The prince’s smile turned scathing. “You think you are better? You are wrong. You are no better. You killed them. I make use of them because I see their value.” His gaze narrowed. “Is there something wrong with the terms?”

Trying and failing wasn’t a method. The longer this went on, the more she stimulated the Crown Prince’s suspicion. How could she reject the conditions without revealing her true heart?

Slow down, Little Bird. Her father’s voice came to her as Hesina scrambled to think. If you want to understand a person, peer at his heart through the window of his prejudices and assumptions.

Her mind stilled.

The prince had nothing to gain by divulging his plans of enslaving the sooths. He’d only done so because he believed Hesina was like any other Yan, that she would rather kill the sooths than copy his idea.

These were his assumptions. This was his heart. Now he would be in for a little shock, for Hesina would use them against him and offer the last reason he expected.

“As a matter of fact, there is something wrong with the terms.”

“Oh?” The prince lifted his brow.

She lifted her chin. “They’re insulting.”

“Please, explain.”

“Think of it this way, Siahryn. You offer me fish and ask for a boat in exchange. Eventually, we’ll run out of fish, but you? You have the means of getting all the fish you desire.” Hesina took up pacing as she spoke, trying to fill the tent with her presence. “Who knows how many resources a kingdom stands to gain from using sooths?” She spun on her heel. “The uncharted potential! You must take me for a fool if you think I can hand them over.”

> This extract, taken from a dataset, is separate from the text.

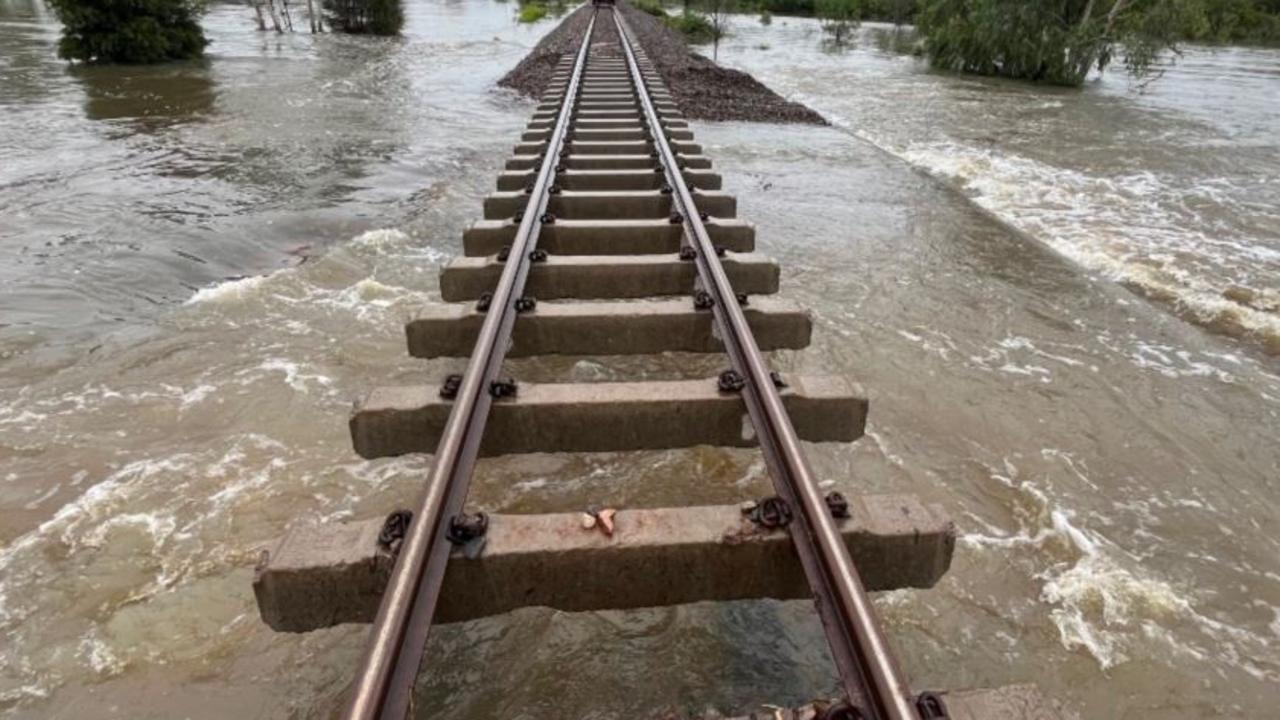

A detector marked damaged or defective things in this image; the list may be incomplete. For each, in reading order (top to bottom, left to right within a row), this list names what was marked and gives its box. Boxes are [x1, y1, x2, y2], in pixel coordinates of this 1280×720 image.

The prince regarded her strangely, as if she were prey that had suddenly erupted claws and fangs. “You cannot use them. Your people would denounce you.”

Improvising, Hesina closed in and placed a hand on his chest. “Do you want the truth of me, Siahryn? My heart is not that of my people’s. They might be good. They might be righteous. But I will resort to whatever means necessary to get the things I want. If it’s salt I want to make, I’ll use the sooths. If it’s villages I want to demolish, I’ll use the sooths. And if they refuse to do my bidding, I’ll put them in chains myself.”

She relished how his heartbeat quickened under her palm. He started to move away, but Hesina lifted her hand first. She was an actress. With a costume, a mask, and a mouthful of lies, she was powerful.

And now, it was time to make her exit. She turned for the tent flaps. “Should you continue terrorizing our borderland territories, you’ll find I have no qualms about using the sooths against you either. But Yan honors generosity. Desist from your raids and agree to resume trade, and I won’t abuse the knowledge you’ve shared today.”

Her guards sprung to attention when she emerged into the daylight, but Hesina didn’t give the signal that something had gone awry. If the Crown Prince believed she could and would harness the sooths’ powers if pushed, then perhaps she’d successfully repaired trade and diverted war. They could end this negotiation peacefully.